At the recent Institute for Functional Medicine Symposium, a doctor flipped through our book and said, “This stuff looks complicated.” I said, “It is complicated. Read Chapter 12 first.”
Laboratory Evaluations for Integrative and Functional Medicine was written to serve as a primary desk reference for clinicians using the new testing profiles that reveal metabolic difficulties due to nutrient deficiencies, toxicant poisoning and lack of cellular controls. The content density is high in order to cover the large span of tests, their scientific basis and the implications of abnormalities. Those who are new to the field may find themselves lost in the myriad of details. To get the larger picture of how the testing is applied in routine medical practice, I suggest reading Chapter 12 first. Two main areas are covered in that chapter. The first is an introduction to the integration of multiple profile and sub-profile implications to arrive at the focal issues for each patient. Secondly, a few hypothetical cases are presented to provide insight into the thought process during a routine clinical visit that guides decisions about testing options to confirm or rule out suspicions of trouble areas.

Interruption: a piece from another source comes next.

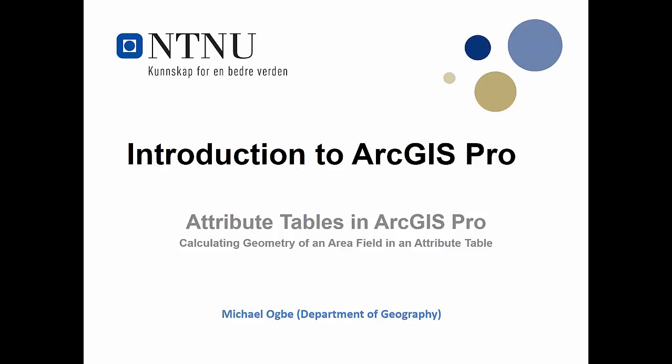Hi, welcome. In this tutorial we are going to calculate the geometry of an area field in an attribute table.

All clinicians who have entered into the new way of using metabolic testing to identify underlying causes of disease in each patient have experienced the uncertainty about the lack of training in the complexities. The basic requirements for health are very simple: eat your fruits and veggies, get adequate exercise and sleep and learn to enjoy an abundant, spirit-filled life. When specific disorders are present, standard, nutrient protocols can be implemented without delay. For example, the autistic child is very likely to benefit from magnesium, vitamin B6, fish oils and the elimination of gluten and casein-containing foods. And most patients with cardiovascular disease show signs of improvement when coenzyme Q10, carnitine and balanced antioxidants are added. These condition-based protocols are good starting points. They open questions about what other focal metabolic issues might be present that are amenable to nutrient corrections.
Patients need guides when they fail to learn the lessons of diet and lifestyle. And when they have been far out of health practices or they have special genetic limitations, their return to health can be greatly speeded by periods of focused interventions to restore nutrient levels, lower toxicant effects and balance cell regulators. Discovery of these fine points is where the laboratory evaluations become so valuable.
Working with the biochemical intricacies becomes like a puzzle where the pieces fall in place as patterns of abnormalities emerge. You start to realize that you are working at the cellular level to achieve individual patient customized support that allows more rapid return to health.